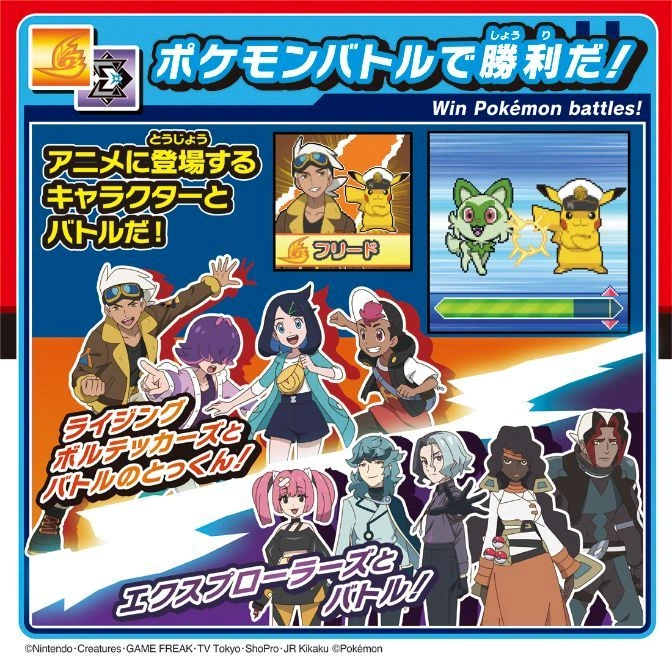  Pokémon toy ad featuring anime characters and battles: Rising Volt Tacklers vs. Explorers.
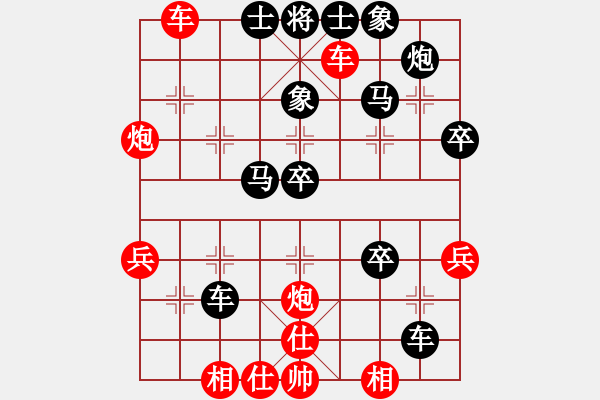 象棋棋譜圖片：將相和諧(4星)-負(fù)-櫻落吻離別(3星) - 步數(shù)：40 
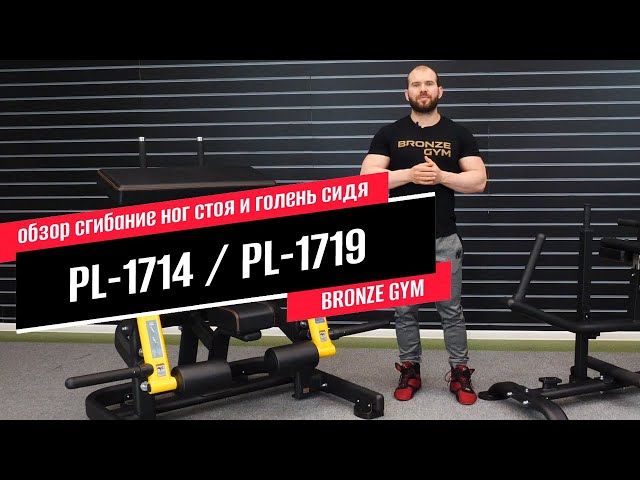 Посмотреть видео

==================================================

• PROBLEM DETAILS: Everything in the material except the pictures should be restated word for word.

• ANSWER TO THE EXERCISE:
  Pokémon toy ad featuring anime characters and battles: Rising Volt Tacklers vs. Explorers.
 象棋棋譜圖片：將相和諧(4星)-負(fù)-櫻落吻離別(3星) - 步數(shù)：40 
 Посмотреть видео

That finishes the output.